Saturday, August 24, 2013

The Prophet's Vulnerability

I'm re-reading Fatima Mernissi's "Beyond the Veil" in the 2011 edition and I came across this quote about the Prophet, peace be upon him, which I truly love. 

"The Muslim Prophet's heroism does not lie in any relation of aggression, conquest, or exercise of brute force against women, but on the contrary in his vulnerability. It is because he is vulnerable, and therefore human, that his example has exerted such power over generations of believers. The Prophet was anything but macho in today's sense of behaving as a conqueror of women... The Prophet's behavior leads us to recognize the complexity of masculine reality. He achieved his colossal task on earth not because he was outstandingly aggressive and rigid, but because he was vulnerable and able to recognize his vulnerability, to acknowledge it and take it into account." 

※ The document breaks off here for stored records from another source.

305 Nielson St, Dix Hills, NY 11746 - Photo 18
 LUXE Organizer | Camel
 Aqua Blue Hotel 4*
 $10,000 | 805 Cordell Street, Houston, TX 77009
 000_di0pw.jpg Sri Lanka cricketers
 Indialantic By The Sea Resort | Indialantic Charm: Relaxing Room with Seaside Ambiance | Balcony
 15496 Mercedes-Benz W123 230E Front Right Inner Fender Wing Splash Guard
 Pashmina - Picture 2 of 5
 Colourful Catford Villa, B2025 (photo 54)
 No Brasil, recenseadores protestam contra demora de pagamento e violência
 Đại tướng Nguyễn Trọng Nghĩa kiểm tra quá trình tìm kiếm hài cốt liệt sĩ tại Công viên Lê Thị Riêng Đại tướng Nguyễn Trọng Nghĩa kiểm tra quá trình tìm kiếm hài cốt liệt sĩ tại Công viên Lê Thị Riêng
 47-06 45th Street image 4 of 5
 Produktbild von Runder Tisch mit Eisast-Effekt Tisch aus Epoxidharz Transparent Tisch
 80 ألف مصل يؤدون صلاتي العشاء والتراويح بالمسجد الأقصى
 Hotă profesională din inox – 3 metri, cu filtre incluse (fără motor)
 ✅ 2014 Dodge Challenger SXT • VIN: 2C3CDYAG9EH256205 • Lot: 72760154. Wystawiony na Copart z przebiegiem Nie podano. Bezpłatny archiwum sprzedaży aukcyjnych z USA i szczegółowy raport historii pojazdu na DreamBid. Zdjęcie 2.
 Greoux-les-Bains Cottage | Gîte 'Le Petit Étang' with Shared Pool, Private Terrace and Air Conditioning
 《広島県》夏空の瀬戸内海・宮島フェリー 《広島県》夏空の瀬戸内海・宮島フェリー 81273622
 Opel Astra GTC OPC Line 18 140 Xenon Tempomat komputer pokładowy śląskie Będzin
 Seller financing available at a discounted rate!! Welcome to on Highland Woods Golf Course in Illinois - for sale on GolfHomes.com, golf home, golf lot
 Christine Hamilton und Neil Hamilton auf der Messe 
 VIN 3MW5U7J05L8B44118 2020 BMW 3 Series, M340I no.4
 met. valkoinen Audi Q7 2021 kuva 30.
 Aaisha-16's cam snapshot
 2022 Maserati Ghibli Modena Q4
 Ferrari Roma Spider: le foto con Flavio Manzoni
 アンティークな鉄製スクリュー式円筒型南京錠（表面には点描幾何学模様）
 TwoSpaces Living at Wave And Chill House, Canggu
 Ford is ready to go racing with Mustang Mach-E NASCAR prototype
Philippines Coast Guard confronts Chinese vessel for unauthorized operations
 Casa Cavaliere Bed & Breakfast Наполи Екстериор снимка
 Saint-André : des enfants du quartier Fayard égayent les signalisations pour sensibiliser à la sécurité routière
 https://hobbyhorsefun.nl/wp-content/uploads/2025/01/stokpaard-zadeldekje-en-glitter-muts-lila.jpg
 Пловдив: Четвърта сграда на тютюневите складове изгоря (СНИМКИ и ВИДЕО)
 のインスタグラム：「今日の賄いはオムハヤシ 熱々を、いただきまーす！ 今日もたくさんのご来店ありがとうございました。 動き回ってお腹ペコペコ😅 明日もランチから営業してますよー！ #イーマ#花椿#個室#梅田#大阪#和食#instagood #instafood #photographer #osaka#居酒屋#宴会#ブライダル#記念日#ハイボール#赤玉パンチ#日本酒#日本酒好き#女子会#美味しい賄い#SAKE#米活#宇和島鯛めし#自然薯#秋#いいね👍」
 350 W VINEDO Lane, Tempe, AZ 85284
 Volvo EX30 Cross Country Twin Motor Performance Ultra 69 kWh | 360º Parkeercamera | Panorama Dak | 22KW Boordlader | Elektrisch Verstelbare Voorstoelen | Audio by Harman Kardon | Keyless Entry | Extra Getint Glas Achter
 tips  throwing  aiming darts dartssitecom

This book by the famed Moroccan feminist is one of the seminal works on the subject of women's status in Islamic society. I highly recommend it to everyone. She's groundbreaking in her theories (and even in 2011 some of what she writes is truly revolutionary), clear-eyed in her analysis, and unsentimental in her opinions. Her scholarship is indisputable.  And her arguments about how Islam recognizes the power, especially the sexual power, of women and how that played out in Muslim society and scholarship for centuries afterwards is truly necessary to know.


On a different note, you may be interested in this well-written essay by the German Islamic scholar Lamya Kaddor, "Why I As a Muslim Woman Don't Wear a Headscarf". I found this quote particularly compelling:

...the Koranic injunction to dress in a way that is generally demure remains a religious demand, to be fulfilled by wearing 'appropriate' clothing. A woman believer sees this as signifying that all those parts of the female body which nowadays excite the idea of possible sexual contact should continue to be 'properly' concealed beneath the kind of clothing usual today. What is entailed in 'proper', 'appropriate', or 'decent' is left to the reasonableness of every mature woman citizen, since at present there are no specific directives based on Islamic sources. In prevalent practice, it is mostly older men – learned or unlearned – who assume the right to determine how a woman should appear, but there is no theological or sociological foundation for this.